Les bons du Trésor américain ont enregistré de grands mouvements dans les deux sens depuis l’annonce le mercredi 2 avril de l’offensive protectionniste de la Maison Blanche. Ils ont d’abord été plébiscités en pleine débâcle boursière, offrant la sécurité d’un rendement garanti pour les investisseurs.

«Lors de telles périodes, il est courant que les investisseurs vendent des actions et achètent des obligations d’Etat, considérées comme des actifs refuges», explique Hal Cook, analyste chez Hargreaves Lansdown. Les taux ont donc logiquement baissé les premiers jours, le rendement de l’emprunt public américain à dix ans tombant jusqu’à 3,88 % le 4 avril, et jusqu’à 4,30 % pour celui à trente ans.

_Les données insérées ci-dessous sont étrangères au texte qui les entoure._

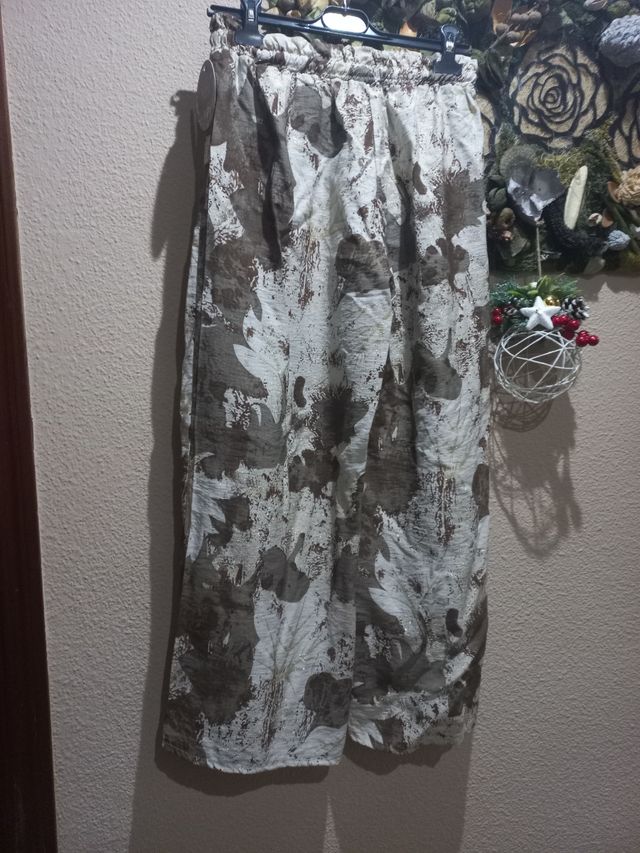 Pantalón estampado ancho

Mais ces derniers jours, le mouvement s’était inversé, les investisseurs se débarrassant au contraire de leurs emprunts publics américains. Le rendement du même emprunt à dix ans a ainsi remonté mercredi jusqu’à près de 4,5 %, une hausse extrêmement forte, et surprenante quand les investisseurs cherchent des couvertures contre le risque. Le taux à trente ans, lui, a même dépassé les 4,9 % mercredi.

Pourquoi cette forte remontée ?

L’une des explications avancées par les analystes est celle de l’abandon de positions, les investisseurs vendant des obligations pour essuyer leurs pertes sur d’autres marchés. Les emprunts publics s’imposent comme premier choix de délestage «étant typiquement l’actif le plus liquide», c’est-à-dire le plus facile à vendre rapidement, «que détiennent les grands investisseurs», note Hal Cook. Mais il juge également «possible que l’incertitude concernant la future politique commerciale et de dépenses des États-Unis soit également une partie de la raison» de la fuite des investisseurs.

Le spectre d’une récession américaine, en conséquence des droits de douane, vient aussi influencer la situation : les taux d’emprunts longs, comme les obligations à échéance dix ou trente ans, dépendent «des perspectives de croissance et d’inflation», affirme Aurélien Buffault, gérant obligataire de Delubac AM.

Les taux d’intérêt à court terme (pour les emprunts d’échéance deux ans ou moins) sont, eux, liés aux anticipations de baisse ou de hausse de taux de la Banque centrale américaine (Fed). Mais difficile aujourd’hui de prédire si la Fed va augmenter ses taux en raison du risque d’inflation lié aux droits de douane, ou les baisser en raison du risque de ralentissement économique dû à ces mêmes droits de douane.

Qu’est-ce que cela signifie ?

Après la volte-face de Donald Trump mercredi, le taux d’emprunt américain à dix ans a une nouvelle fois changé de direction : il est cette fois retombé autour des 4,3 %. Mais pour plusieurs analystes, il y a une remise en question du statut traditionnel des titres de dette américaine comme valeur refuge en temps de crise.

A l’heure où les experts économiques s’interrogent sur les vraies intentions de Donald Trump dans sa guerre commerciale, «le marché a perdu confiance dans les actifs américains», qu’il «vend activement», juge même George Saravelos, de la Deutsche Bank. Le ministre des Finances américain, Scott Bessent, a affirmé mercredi sur Fox Business que la tension des taux obligataires était certes «inconfortable», mais n’avait «rien de systémique».

Phénomène technique et temporaire ou «vote de défiance plus large envers la dette souveraine américaine» ? Pour Stephen Innes, de SPI AM, «peu importe» car la conclusion reste la même : l’ancien mode de fonctionnement consistant à acheter du dollar et des obligations en temps de crise «ne fonctionne plus».